Walk through the Affinity Mentoring area in the Early Childhood Center and you’ll see plenty of children and adults reading, coloring, eating lunch and just sharing a friendly moment together.
Like mentor Anjie Gleisner, who is matched with kindergartner Nicole Dela Torre Gomez.
“I have never done this before, but it’s something I’ve always been interested in doing,” said Gleisner, a branch manager at the Kent District Library.
“I work full time, and recently my employer encouraged us to go out and do this within the community on work time. With the mentoring program, a lot of it is having a dedicated adult available to help out with anything kids might need help with regarding school, but also to be a buddy and someone to talk to every week.

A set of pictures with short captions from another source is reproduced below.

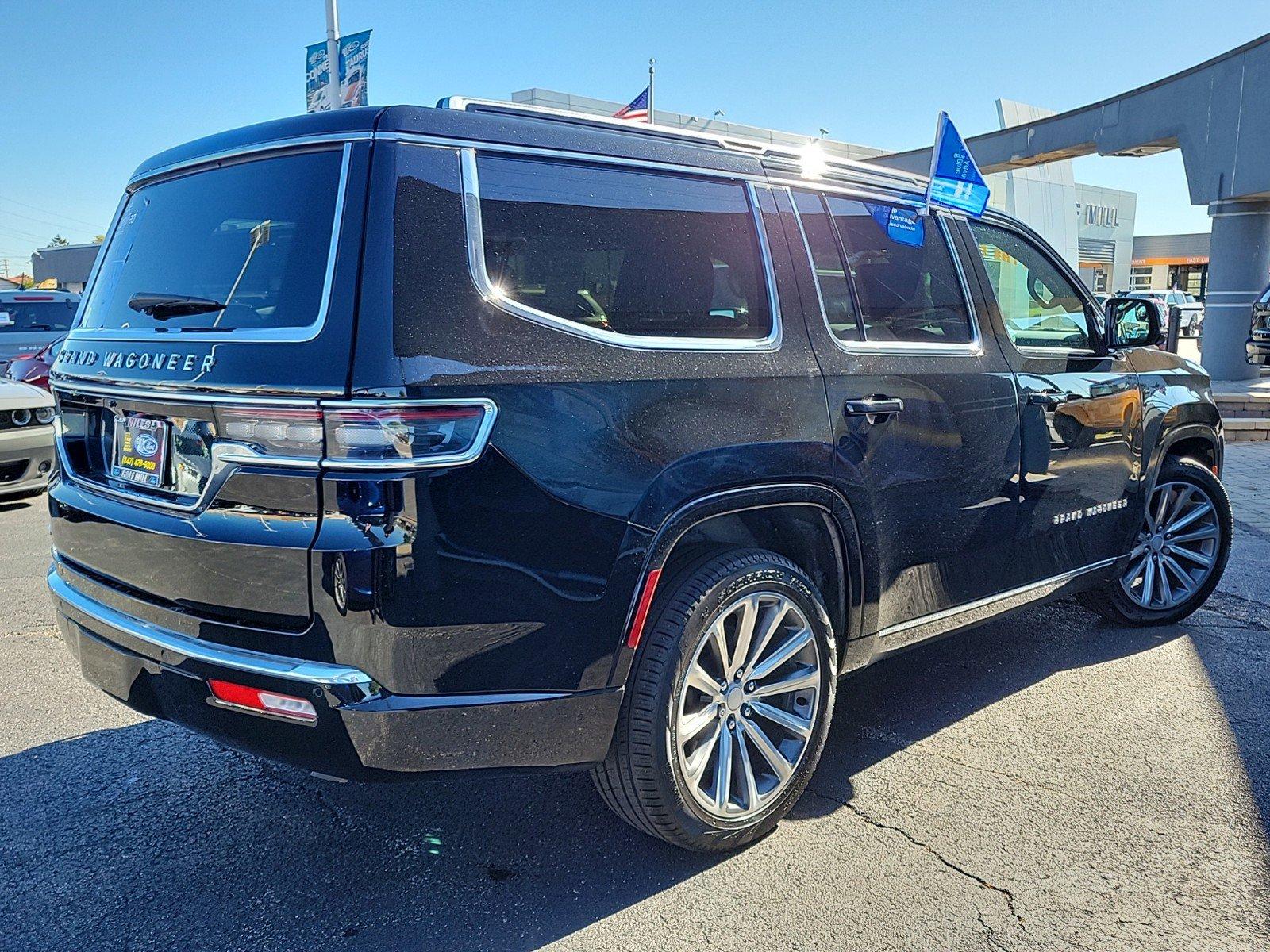 2023 Jeep Grand Wagoneer Vehicle Photo in Plainfield, IL 60586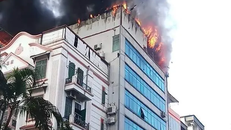 Hiện trường vụ cháy chung cư mini 8 tầng ở Hà Nội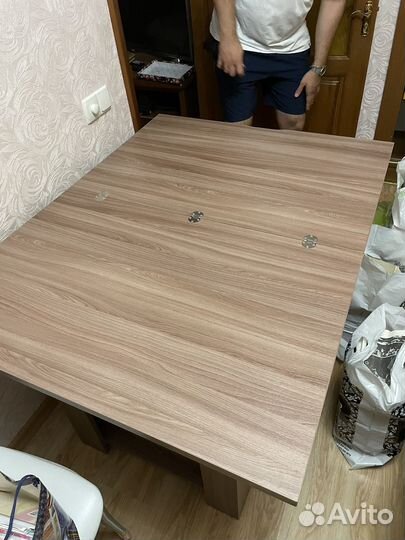 Кухонный стол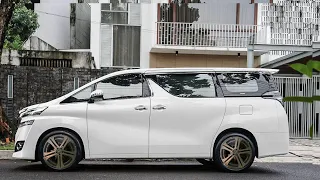 Сравнение салона HONDA STEPWGN и Toyota Alphard/vellfire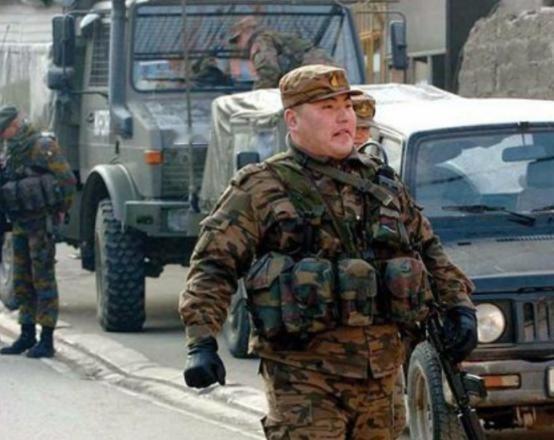 世界上最安全的两个国家，一个谁也打不过，一个谁也不敢打。世界纷纷扰扰，但有两个国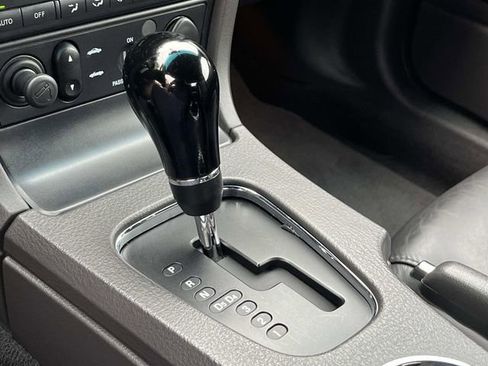 Used 2002 Ford Thunderbird Base image 25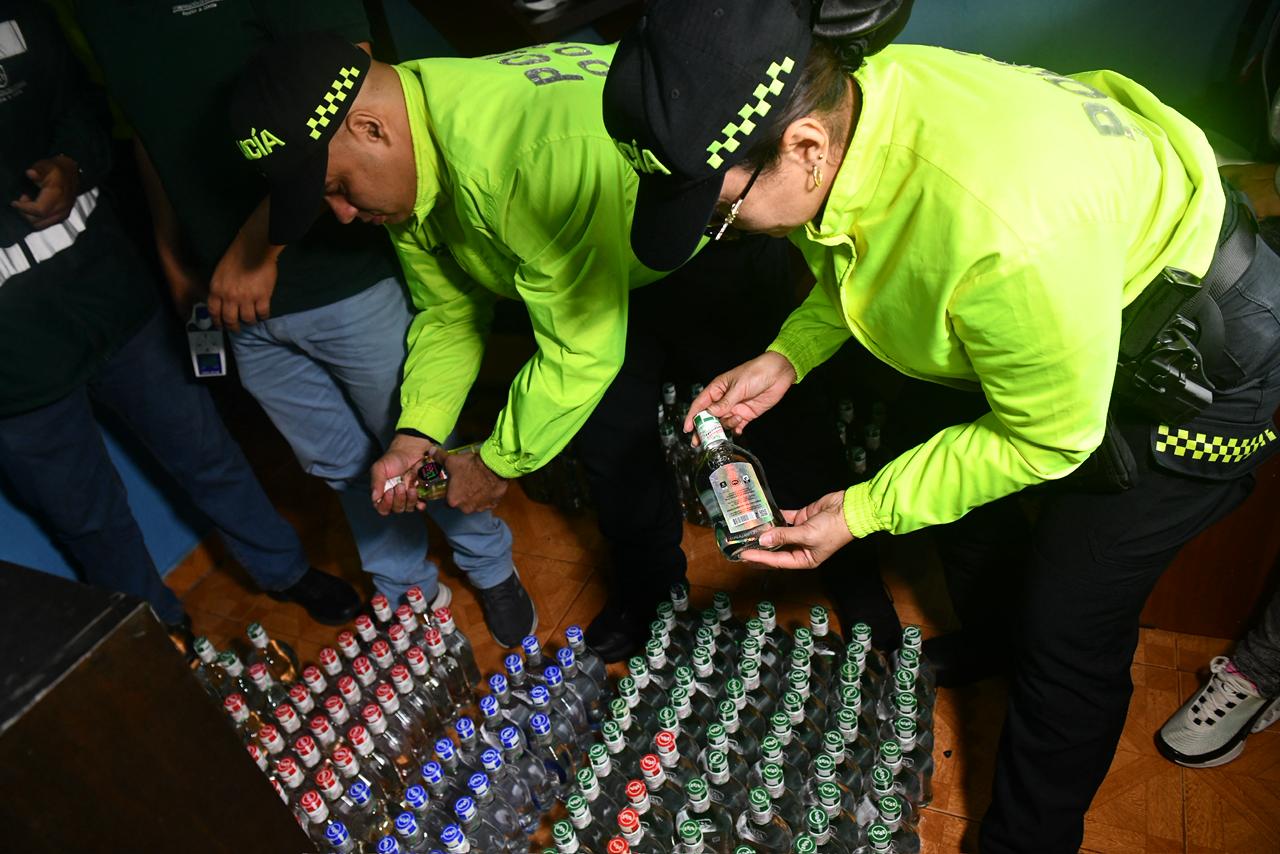 Según las autoridades, este alambique generaba rentas criminales cercanas a los $15 millones semanales.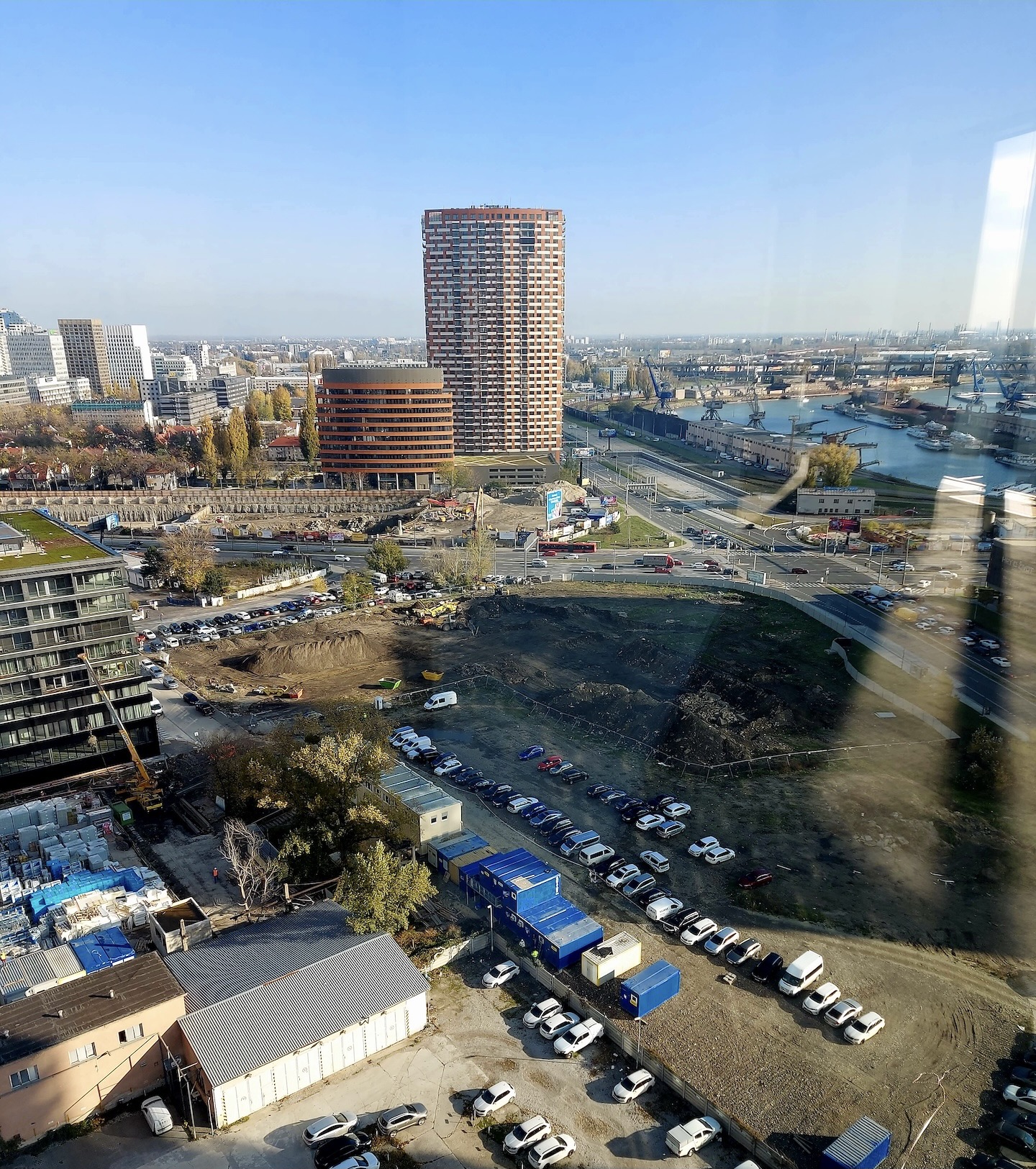 Pozemok Portum Towers v rožnej časti križovatky, kde je badateľný začiatok stavebných prác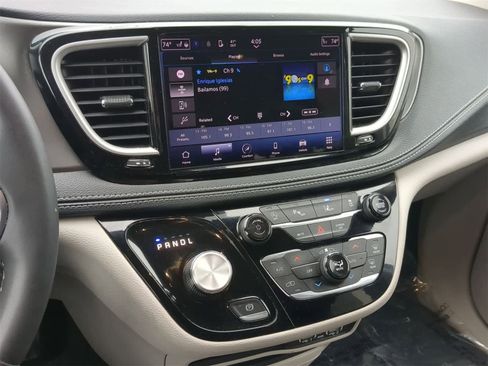 Used 2023 Chrysler Pacifica Touring-L image 27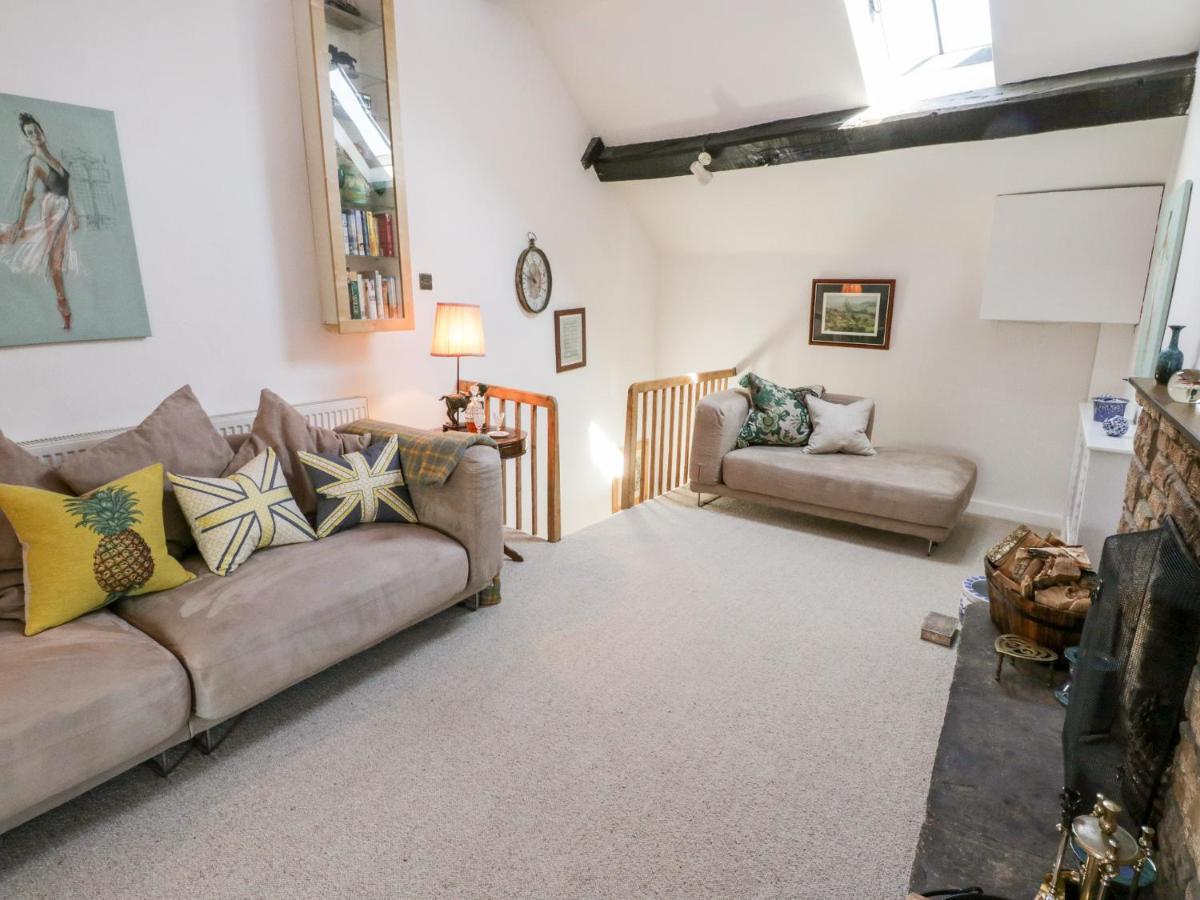 Crooked Cottage Kirkbymoorside Bagian luar foto
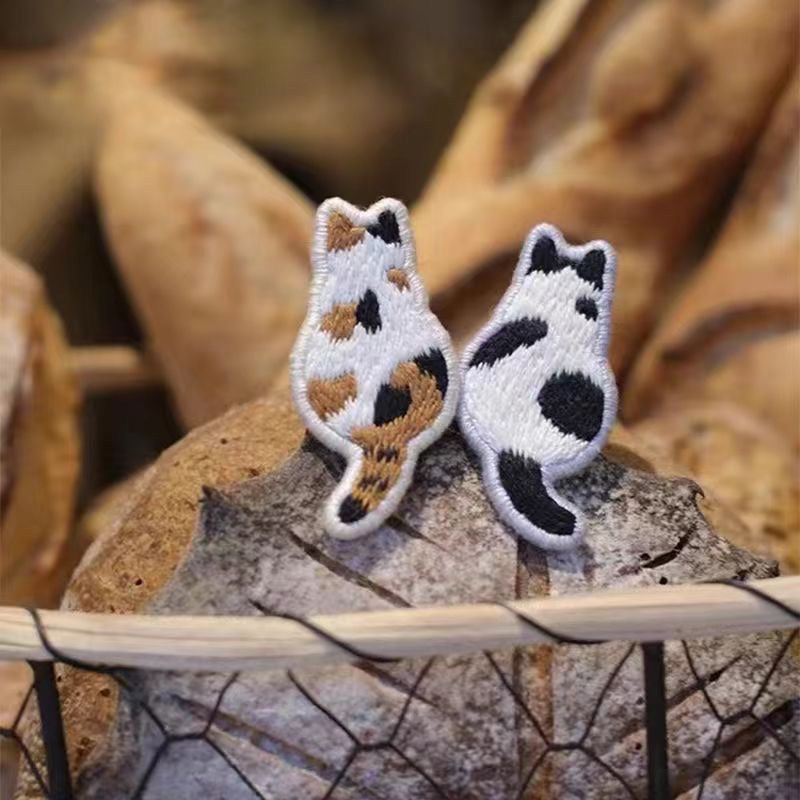Cute Cat from Behind Patches(Stick-On)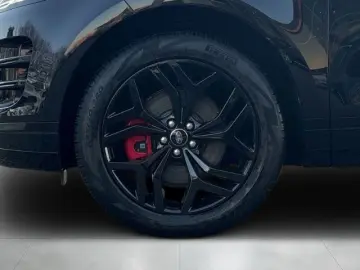 Range Rover Evoque P200 R-Dynamic SE BlackPack 2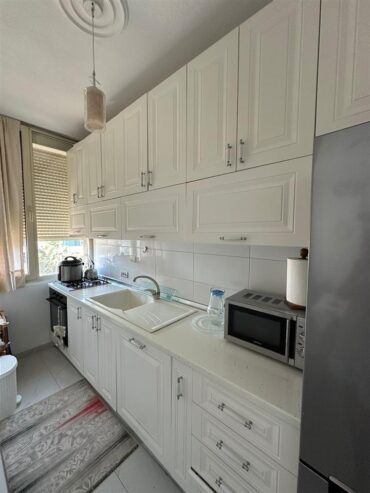 SHITET APARTAMENT 2+1 TEK HYRJA E DURRESIT!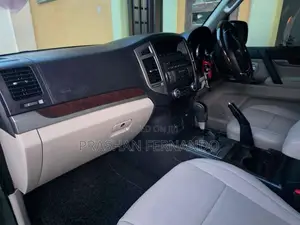 Mitsubishi Montero 2015 SUV (Used)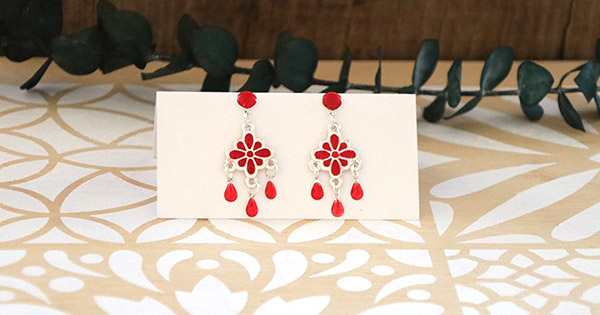 Esquema DIY colorea tus acabados y lentejuelas con resina UV Esquema DIY colorea tus acabados y lentejuelas con resina UV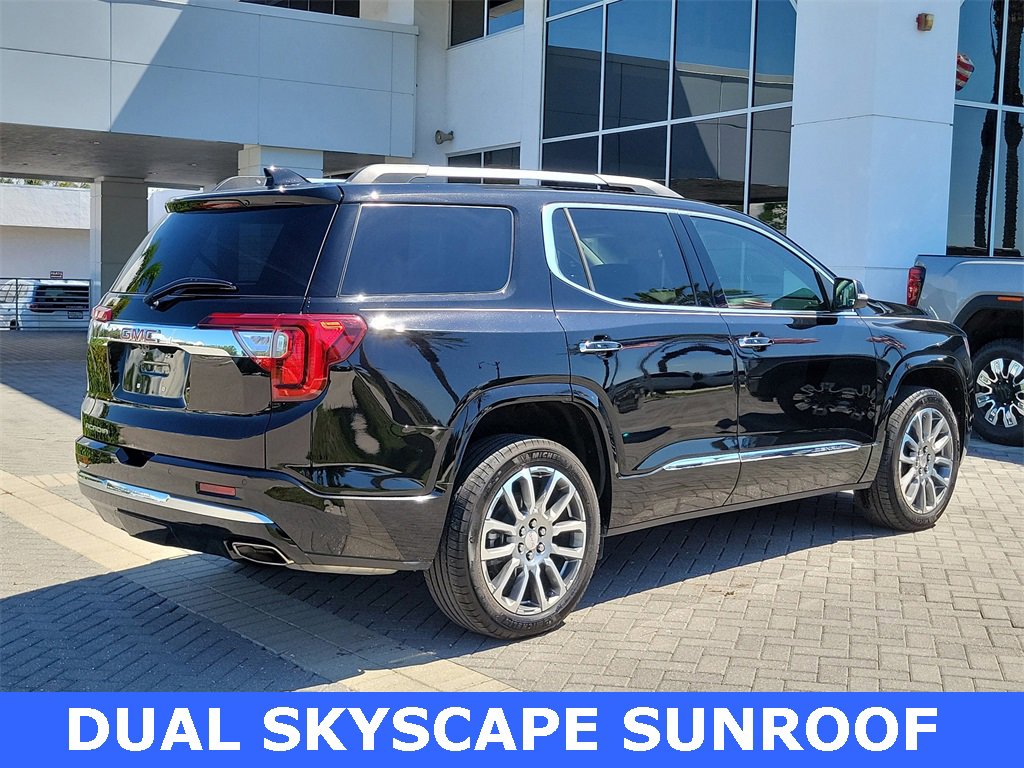 2023 Gmc Acadia Denali photo 2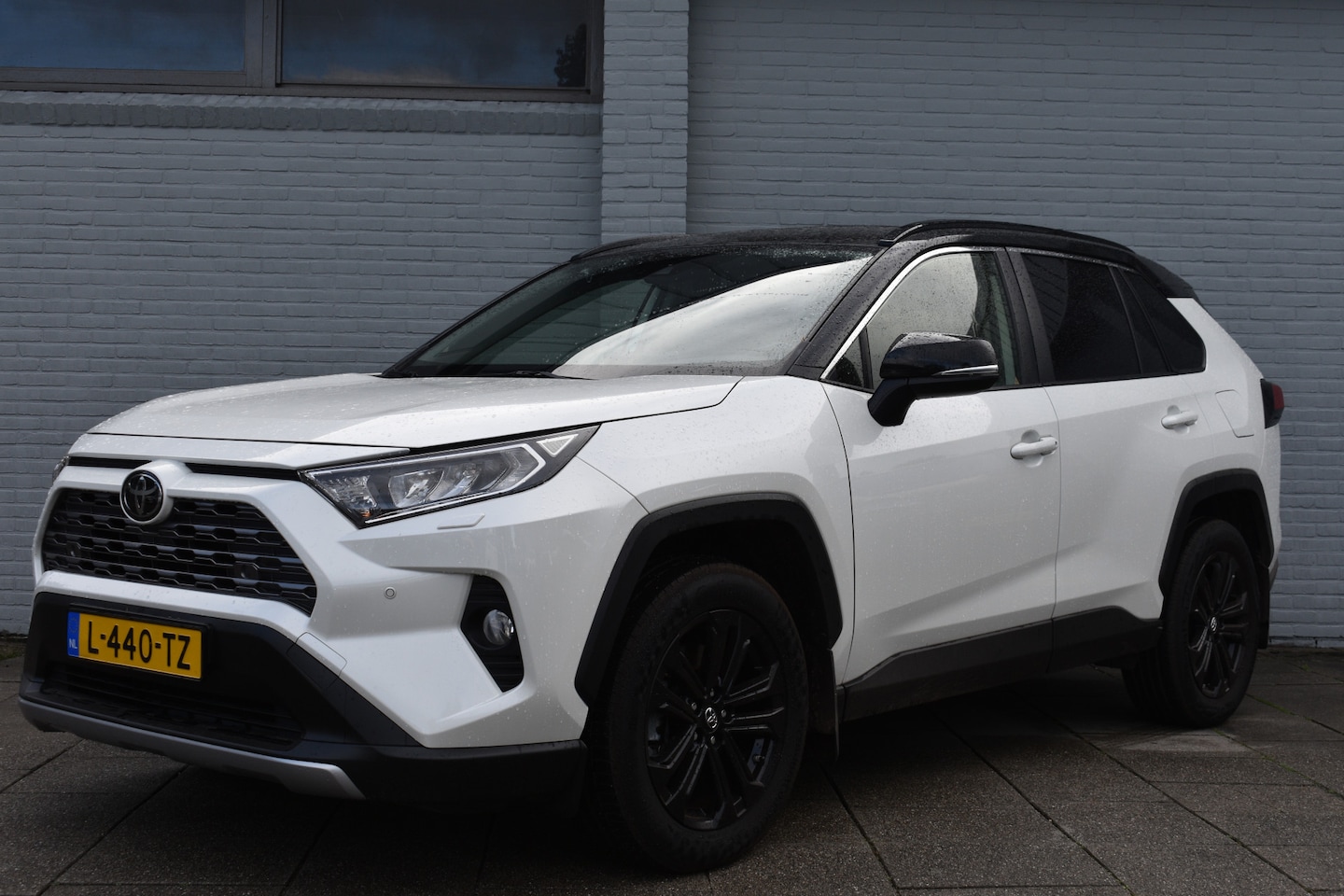 Toyota RAV4 - 2.0 VVT-iE Dynamic Limited Autmaat 176pk | Alarm Klasse 3 | Stuur- & Stoelverwarming | App - AutoWereld.nl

“Because I’m a librarian, I’m really passionate about reading and have been bringing books from the library and we’ve been reading together. I’m really enjoying it so far.”
Rachel Humphreys, development director at Affinity Mentoring, said their model is unique, partnering with organizations, schools, corporations and individuals to provide high quality, culturally responsive mentoring to school-age children.
“Each partnership is developed to meet the needs of the students as well as the needs of the partner,” Humphreys said. “Our school partners support Affinity by providing physical space in the school as well as collaborating around which students to match with a mentor and inviting Affinity staff and mentors to continue to participate in the community/school team.”
Affinity currently partners with Burton Elementary School, Burton Middle School, Southwest Community Campus and Godfrey-Lee ECC. The organization hopes to match 25-35 students in its first year at the ECC and nearly 300 across all four sites.
The Steelcase Foundation made the mentoring program possible last spring with a $75,000 expansion grant, which consists of $25,000 per year for three years.
The funds support mentor relationships and serve as seed money to open the fourth site, at the ECC.
Mentors and program staff work together with parents, teachers and administrative staff to improve students’ literacy skills, social emotional learning, self-esteem, leadership skills, attendance and academic achievement, Humphreys explained.
She said their goal is for mentors to be role models, tutors and friends.
Superintendent Kevin Polston said Godfrey-Lee Public Schools believes in the impact mentoring can have on a child’s education and their overall well-being.
“One of our core values is community, the belief that it takes a village to raise a child,” Polston said. “We are honored to begin a partnership … to bring out the brilliance in each child.”
New mentor Rachel Clousing said she loves hanging out with kids and wanted to give back by volunteering.
“I love it; it’s really fun,” said Clousing, a personal trainer.
Her mentee, Trezure Griffith, also enjoys her time with Clousing.
“It’s good,” Trezure said. “I was playing with Play-Doh and eating lunch down here. After I ate lunch, we raced each other on the playground.”